Third, we conducted AVONA on the roles and interactions scores. The results showed that the main effect of gender and the interaction of gender and specialty category were statistically significant, F(1, 106)=32.699, p<.001, F(2, 106)=4.067, p<.05, respectively, while the main effect of specialty category was not significant, F(2, 106)=1.218, p=.30, ns. In the main effect of gender, males scored significantly higher than females. To examine the interaction effect, we conducted simple effect tests and found that there was a significant between-group difference in medical and surgical specialties, F(1, 40)=21.183, p<.001, and F(1, 47)=41.168, p<.001, respectively, with males scoring significantly higher than females. On the other hand, there was no significant difference between the groups based on gender in the clinical support specialties, F(1, 19)=.401, p=.53, ns. Furthermore, there was a significant group difference by specialty in the male sample, F(2, 50)=8.173, p<.001. Post hoc analyses (Scheffe') revealed significantly lower scores for males in the clinical support specialties compared to internal medicine and surgery.
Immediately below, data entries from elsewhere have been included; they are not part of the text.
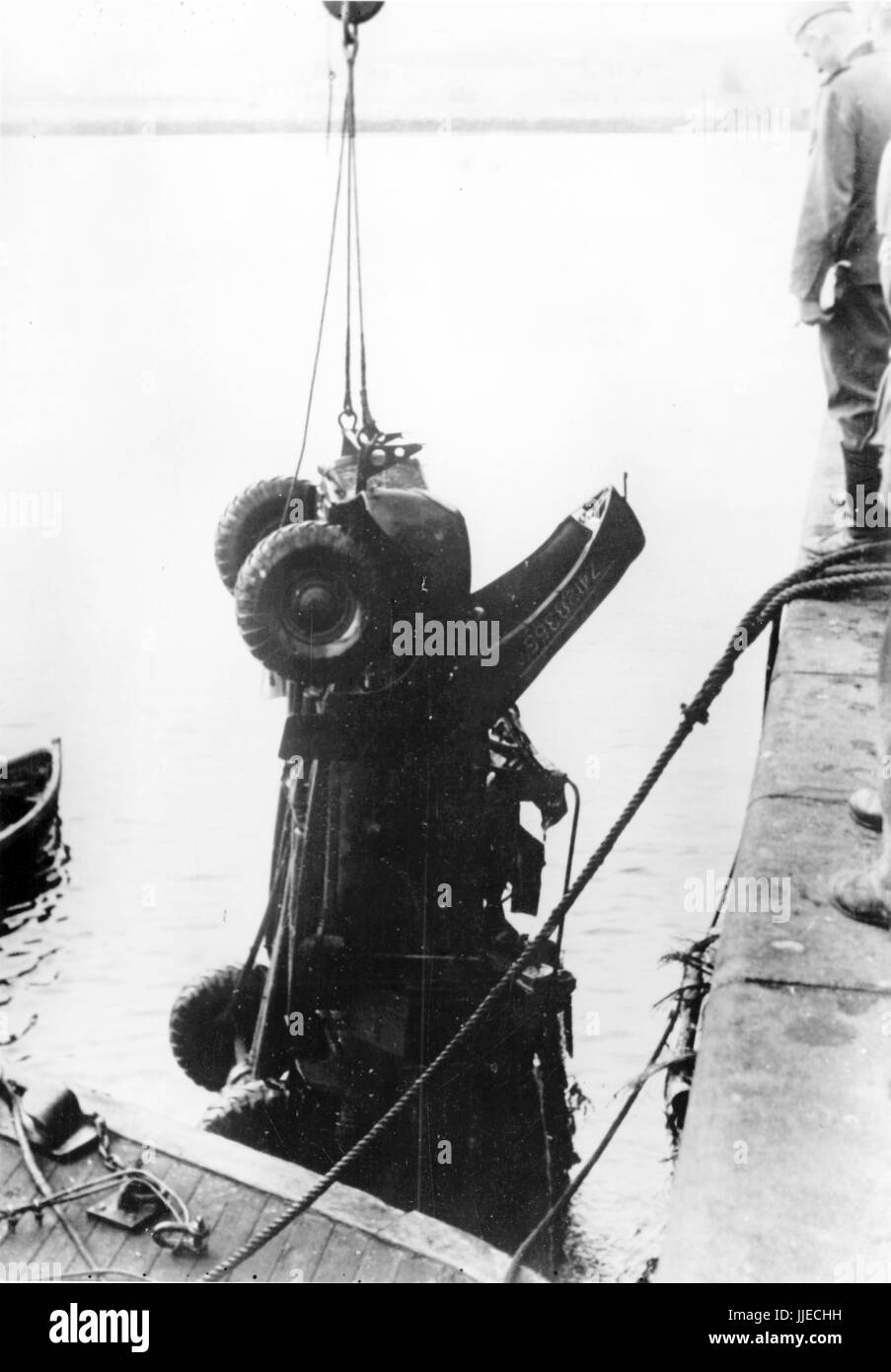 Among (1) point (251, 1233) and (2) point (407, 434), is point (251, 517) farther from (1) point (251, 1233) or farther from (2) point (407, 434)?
(1) point (251, 1233)

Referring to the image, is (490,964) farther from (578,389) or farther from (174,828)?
(174,828)

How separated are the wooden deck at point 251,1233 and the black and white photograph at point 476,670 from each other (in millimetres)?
21

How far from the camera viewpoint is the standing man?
15.8 feet

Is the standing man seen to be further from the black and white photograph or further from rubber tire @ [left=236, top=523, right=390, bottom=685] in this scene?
rubber tire @ [left=236, top=523, right=390, bottom=685]

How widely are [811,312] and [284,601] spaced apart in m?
2.89

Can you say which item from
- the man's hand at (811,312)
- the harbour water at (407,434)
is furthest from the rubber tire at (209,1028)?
the man's hand at (811,312)

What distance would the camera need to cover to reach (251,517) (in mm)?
7398

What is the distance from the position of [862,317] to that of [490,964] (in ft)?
14.7

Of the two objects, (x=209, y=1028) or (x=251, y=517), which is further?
(x=209, y=1028)

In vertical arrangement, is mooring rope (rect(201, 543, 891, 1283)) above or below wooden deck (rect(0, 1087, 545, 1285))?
above

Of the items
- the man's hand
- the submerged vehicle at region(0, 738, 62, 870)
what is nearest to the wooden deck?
the man's hand

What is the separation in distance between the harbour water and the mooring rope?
154cm

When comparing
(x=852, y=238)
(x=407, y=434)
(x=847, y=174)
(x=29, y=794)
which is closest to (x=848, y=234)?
(x=852, y=238) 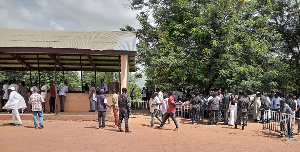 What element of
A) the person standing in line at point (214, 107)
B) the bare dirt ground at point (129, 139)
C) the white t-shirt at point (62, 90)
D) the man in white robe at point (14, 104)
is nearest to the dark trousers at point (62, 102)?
the white t-shirt at point (62, 90)

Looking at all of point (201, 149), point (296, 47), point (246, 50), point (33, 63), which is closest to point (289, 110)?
point (201, 149)

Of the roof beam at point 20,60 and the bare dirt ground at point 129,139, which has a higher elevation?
the roof beam at point 20,60

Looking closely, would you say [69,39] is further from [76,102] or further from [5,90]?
[5,90]

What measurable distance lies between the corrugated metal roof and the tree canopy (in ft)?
10.4

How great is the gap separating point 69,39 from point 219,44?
793 centimetres

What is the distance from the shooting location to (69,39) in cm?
1427

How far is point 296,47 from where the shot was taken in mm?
21203

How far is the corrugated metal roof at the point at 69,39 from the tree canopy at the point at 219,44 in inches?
125

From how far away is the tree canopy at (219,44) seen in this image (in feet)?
52.7

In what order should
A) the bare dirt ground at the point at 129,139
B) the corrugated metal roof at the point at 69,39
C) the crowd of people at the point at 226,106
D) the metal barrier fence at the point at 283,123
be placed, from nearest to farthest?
the bare dirt ground at the point at 129,139, the metal barrier fence at the point at 283,123, the crowd of people at the point at 226,106, the corrugated metal roof at the point at 69,39

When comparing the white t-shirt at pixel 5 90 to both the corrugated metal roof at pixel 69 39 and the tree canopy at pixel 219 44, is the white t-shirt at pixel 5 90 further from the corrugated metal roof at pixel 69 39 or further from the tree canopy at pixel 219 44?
the tree canopy at pixel 219 44

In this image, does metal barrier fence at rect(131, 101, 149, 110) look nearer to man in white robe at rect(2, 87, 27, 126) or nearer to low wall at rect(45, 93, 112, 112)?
low wall at rect(45, 93, 112, 112)

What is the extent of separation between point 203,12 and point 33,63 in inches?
412

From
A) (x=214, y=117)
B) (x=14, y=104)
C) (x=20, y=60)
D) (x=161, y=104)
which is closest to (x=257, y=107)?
(x=214, y=117) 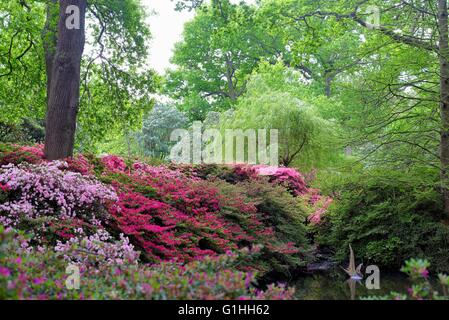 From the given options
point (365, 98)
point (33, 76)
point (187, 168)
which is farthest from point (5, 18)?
point (365, 98)

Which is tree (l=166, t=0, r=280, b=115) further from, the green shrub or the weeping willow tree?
the green shrub

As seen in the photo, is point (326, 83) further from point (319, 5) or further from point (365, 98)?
point (365, 98)

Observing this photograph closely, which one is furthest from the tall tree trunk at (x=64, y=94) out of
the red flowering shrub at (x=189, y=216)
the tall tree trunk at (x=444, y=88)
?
the tall tree trunk at (x=444, y=88)

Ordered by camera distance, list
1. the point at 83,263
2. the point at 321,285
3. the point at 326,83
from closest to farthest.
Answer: the point at 83,263
the point at 321,285
the point at 326,83

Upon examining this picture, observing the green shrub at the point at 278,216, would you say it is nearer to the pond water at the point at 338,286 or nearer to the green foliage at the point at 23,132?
→ the pond water at the point at 338,286

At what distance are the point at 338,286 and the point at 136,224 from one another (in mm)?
3071

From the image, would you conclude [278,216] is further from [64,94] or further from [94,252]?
[94,252]

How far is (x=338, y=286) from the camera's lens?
692 cm

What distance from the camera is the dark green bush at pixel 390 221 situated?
7742 millimetres

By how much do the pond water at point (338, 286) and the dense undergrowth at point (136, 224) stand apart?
0.50m

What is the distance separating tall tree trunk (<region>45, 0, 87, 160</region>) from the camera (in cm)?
723

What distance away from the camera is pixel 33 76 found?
10586 mm

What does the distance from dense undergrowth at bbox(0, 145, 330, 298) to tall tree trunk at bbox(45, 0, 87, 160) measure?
0.32 metres

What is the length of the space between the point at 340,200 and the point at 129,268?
22.2 feet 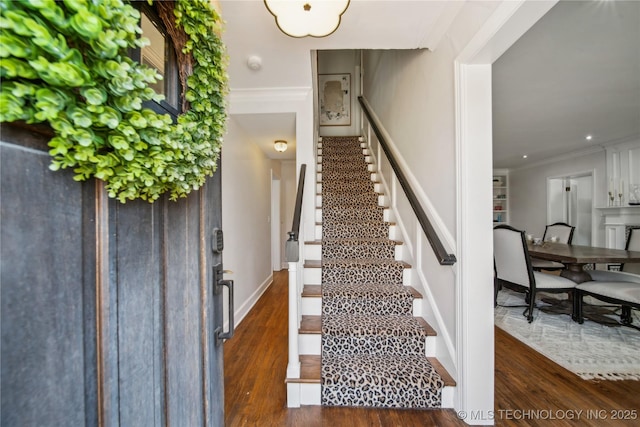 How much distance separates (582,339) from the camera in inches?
94.7

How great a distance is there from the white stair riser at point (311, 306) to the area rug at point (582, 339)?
2079mm

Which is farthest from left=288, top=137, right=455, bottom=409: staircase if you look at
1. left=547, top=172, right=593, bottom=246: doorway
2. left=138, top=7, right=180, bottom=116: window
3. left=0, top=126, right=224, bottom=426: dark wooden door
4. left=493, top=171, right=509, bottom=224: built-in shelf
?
left=493, top=171, right=509, bottom=224: built-in shelf

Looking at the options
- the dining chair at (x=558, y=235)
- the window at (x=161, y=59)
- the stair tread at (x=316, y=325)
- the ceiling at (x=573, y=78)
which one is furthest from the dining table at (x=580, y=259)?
the window at (x=161, y=59)

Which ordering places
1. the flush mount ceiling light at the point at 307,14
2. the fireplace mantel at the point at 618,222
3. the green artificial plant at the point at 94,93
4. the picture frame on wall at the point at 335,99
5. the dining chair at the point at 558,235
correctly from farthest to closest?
the picture frame on wall at the point at 335,99 < the fireplace mantel at the point at 618,222 < the dining chair at the point at 558,235 < the flush mount ceiling light at the point at 307,14 < the green artificial plant at the point at 94,93

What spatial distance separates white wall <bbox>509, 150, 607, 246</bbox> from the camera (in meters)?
4.88

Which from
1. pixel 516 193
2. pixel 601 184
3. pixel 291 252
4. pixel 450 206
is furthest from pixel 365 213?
pixel 516 193

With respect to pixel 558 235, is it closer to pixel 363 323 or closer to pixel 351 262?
pixel 351 262

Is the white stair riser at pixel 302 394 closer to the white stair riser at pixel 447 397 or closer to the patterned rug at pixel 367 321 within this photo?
the patterned rug at pixel 367 321

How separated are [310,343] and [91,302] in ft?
5.09

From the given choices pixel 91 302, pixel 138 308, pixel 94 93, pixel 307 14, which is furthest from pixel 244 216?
pixel 94 93

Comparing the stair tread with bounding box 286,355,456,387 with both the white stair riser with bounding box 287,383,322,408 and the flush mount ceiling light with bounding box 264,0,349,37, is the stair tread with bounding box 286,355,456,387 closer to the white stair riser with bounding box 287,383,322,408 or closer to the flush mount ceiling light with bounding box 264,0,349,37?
the white stair riser with bounding box 287,383,322,408

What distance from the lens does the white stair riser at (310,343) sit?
1.78m

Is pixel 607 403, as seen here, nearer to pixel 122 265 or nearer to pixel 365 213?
pixel 365 213

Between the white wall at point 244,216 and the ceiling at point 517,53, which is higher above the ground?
the ceiling at point 517,53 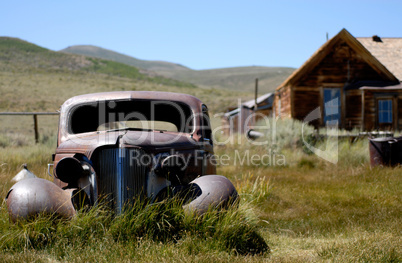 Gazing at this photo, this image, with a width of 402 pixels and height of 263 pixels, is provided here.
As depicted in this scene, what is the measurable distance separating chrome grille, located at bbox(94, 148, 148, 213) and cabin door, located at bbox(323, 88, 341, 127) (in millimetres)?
15757

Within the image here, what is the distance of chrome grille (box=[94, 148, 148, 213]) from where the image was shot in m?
4.21

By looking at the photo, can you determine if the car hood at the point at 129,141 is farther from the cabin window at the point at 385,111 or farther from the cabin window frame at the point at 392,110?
the cabin window at the point at 385,111

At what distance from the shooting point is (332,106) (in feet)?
62.1

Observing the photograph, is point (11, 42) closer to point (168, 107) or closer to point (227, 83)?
point (227, 83)

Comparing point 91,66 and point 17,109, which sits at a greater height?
point 91,66

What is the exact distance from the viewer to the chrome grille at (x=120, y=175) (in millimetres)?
4215

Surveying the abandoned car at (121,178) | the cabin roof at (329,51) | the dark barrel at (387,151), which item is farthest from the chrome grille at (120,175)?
the cabin roof at (329,51)

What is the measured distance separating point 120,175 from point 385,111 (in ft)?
57.7

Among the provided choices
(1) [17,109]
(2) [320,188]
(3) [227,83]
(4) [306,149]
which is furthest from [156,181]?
(3) [227,83]

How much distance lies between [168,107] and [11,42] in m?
91.6

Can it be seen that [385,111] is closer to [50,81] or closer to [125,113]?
[125,113]

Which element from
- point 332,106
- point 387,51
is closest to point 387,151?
point 332,106

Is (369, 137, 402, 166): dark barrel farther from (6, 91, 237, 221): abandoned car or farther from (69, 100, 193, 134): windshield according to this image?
(6, 91, 237, 221): abandoned car

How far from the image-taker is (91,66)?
8412 cm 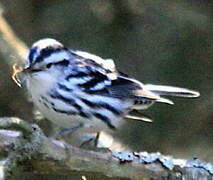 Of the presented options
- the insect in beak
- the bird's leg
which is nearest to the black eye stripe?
the insect in beak

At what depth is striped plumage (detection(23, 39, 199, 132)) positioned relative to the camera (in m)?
4.41

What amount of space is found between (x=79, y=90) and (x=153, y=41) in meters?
1.56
However, there was no significant group difference in the female sample by specialty, F(2, 56)=.401, p=.67, ns.
Finally, we conducted AVONA on the disparities in work and life scores. The results showed that the main effect of gender and the interaction of gender and specialty category were statistically significant, F(1, 106)=42.963, p<.001, F(2, 106)=3.986, p<.05, respectively, while the main effect of specialty category was not significant, F(2, 106)=.806, p=.45, ns. In the main effect of gender, males scored significantly higher than females. To examine the interaction effect, we conducted simple effect tests and found that there was a significant between-group difference in medical and surgical specialties, F(1, 40)=28.935, p<.001, and F(1, 47)=45.449, p<.001, respectively, with males scoring significantly higher than females. On the other hand, there was no significant difference between the groups based on gender in the clinical support category, F(1, 19)=.892, p=.36, ns. Furthermore, there was a significant group difference in the male sample by specialty, F(2, 50)=7.743, p<.01. Post hoc analysis (Scheffe') revealed significantly lower scores for males in the clinical support specialties compared to internal medicine and surgery. However, there was no significant group difference in the female sample by specialty, F(2, 56)=.440, p=.65, ns. The differences in subtypes (subcomponents) scores of the PGBS according to gender and specialty category are presented in Figure. 2.